──────── Dataset content

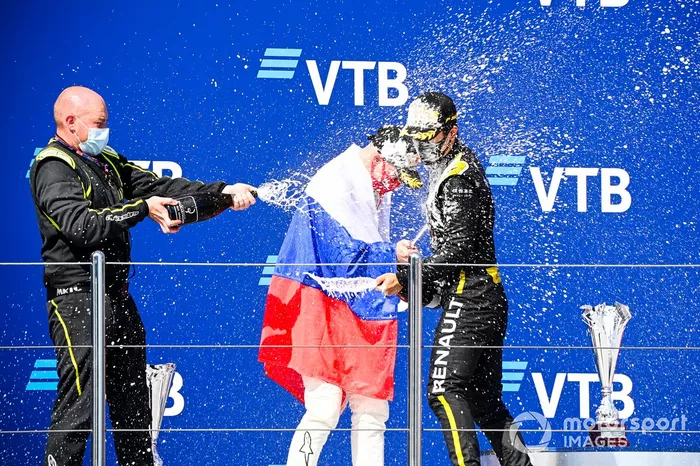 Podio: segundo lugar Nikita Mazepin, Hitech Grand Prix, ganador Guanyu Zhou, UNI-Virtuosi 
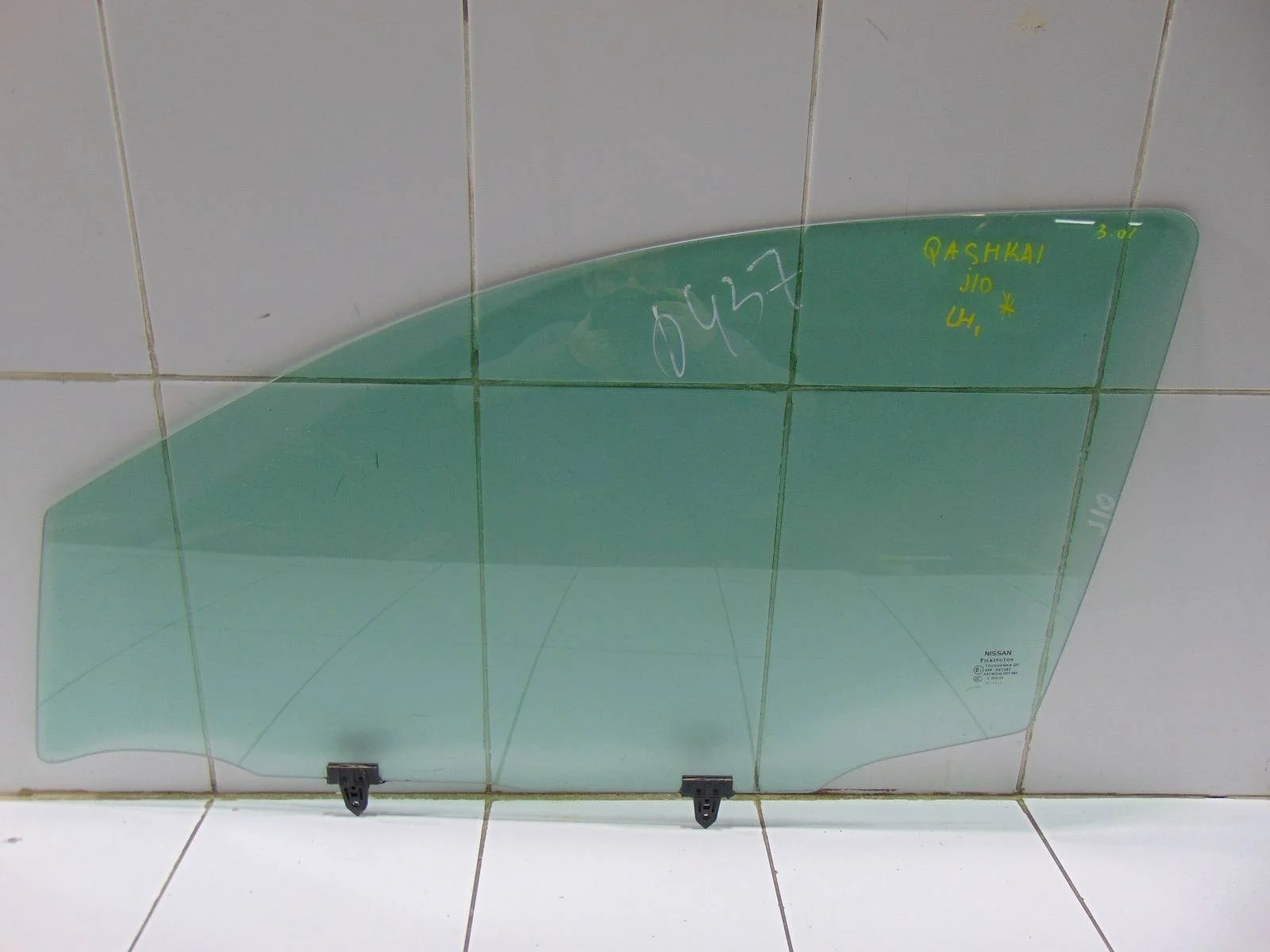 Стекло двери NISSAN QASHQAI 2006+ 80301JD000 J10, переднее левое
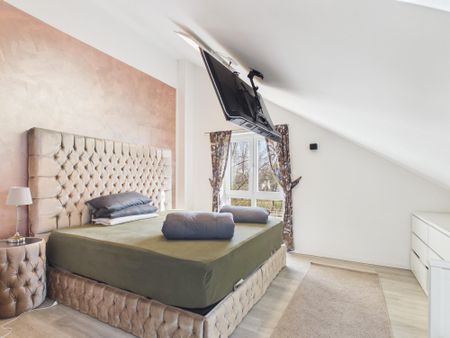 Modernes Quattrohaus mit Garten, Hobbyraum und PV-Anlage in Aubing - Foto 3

────────────────

Task brief –
Any picture in the material is to be dropped; the rest is repeated exactly.

The completed task –
 Podio: segundo lugar Nikita Mazepin, Hitech Grand Prix, ganador Guanyu Zhou, UNI-Virtuosi 
 Стекло двери NISSAN QASHQAI 2006+ 80301JD000 J10, переднее левое
 Modernes Quattrohaus mit Garten, Hobbyraum und PV-Anlage in Aubing - Foto 3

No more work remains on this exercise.